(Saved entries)
☆ ☆ ☆

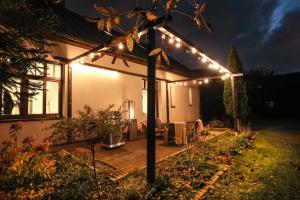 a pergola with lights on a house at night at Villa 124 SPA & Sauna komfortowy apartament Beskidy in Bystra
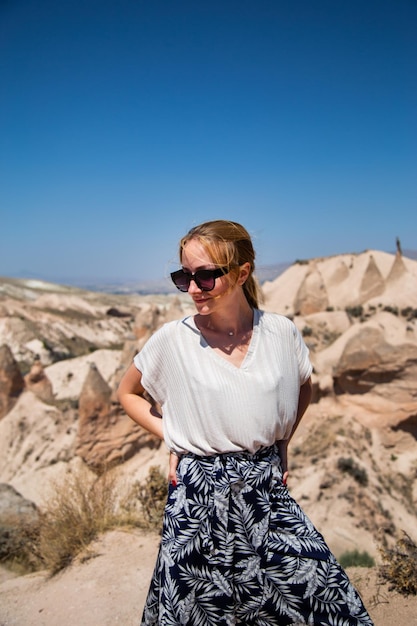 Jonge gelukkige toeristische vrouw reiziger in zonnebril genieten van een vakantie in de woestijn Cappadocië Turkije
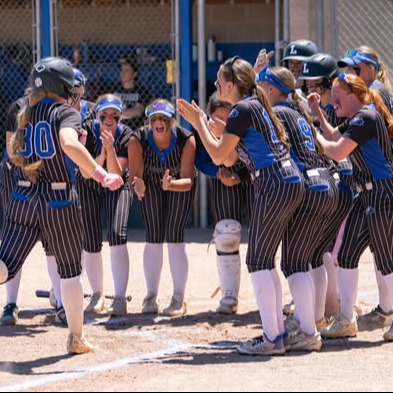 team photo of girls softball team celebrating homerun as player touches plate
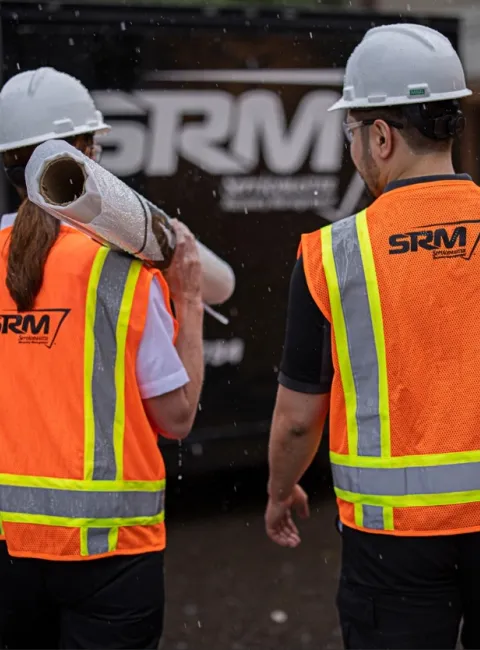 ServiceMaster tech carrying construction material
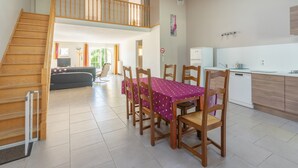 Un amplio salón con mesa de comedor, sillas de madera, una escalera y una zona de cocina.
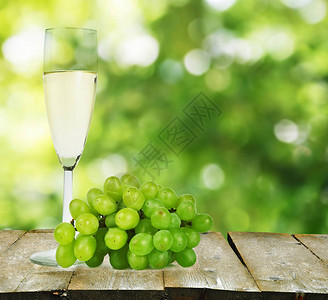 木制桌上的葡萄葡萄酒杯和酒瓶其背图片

☆ ☆ ☆

**INSTRUCTIONS TO FOLLOW:**
Give back exactly the lines from the top of the records to the line containing "Jonge gelukkige toeristische", both included, and no pictures.

**OUTPUT FOR THIS EXERCISE:**
 a pergola with lights on a house at night at Villa 124 SPA & Sauna komfortowy apartament Beskidy in Bystra
 Jonge gelukkige toeristische vrouw reiziger in zonnebril genieten van een vakantie in de woestijn Cappadocië Turkije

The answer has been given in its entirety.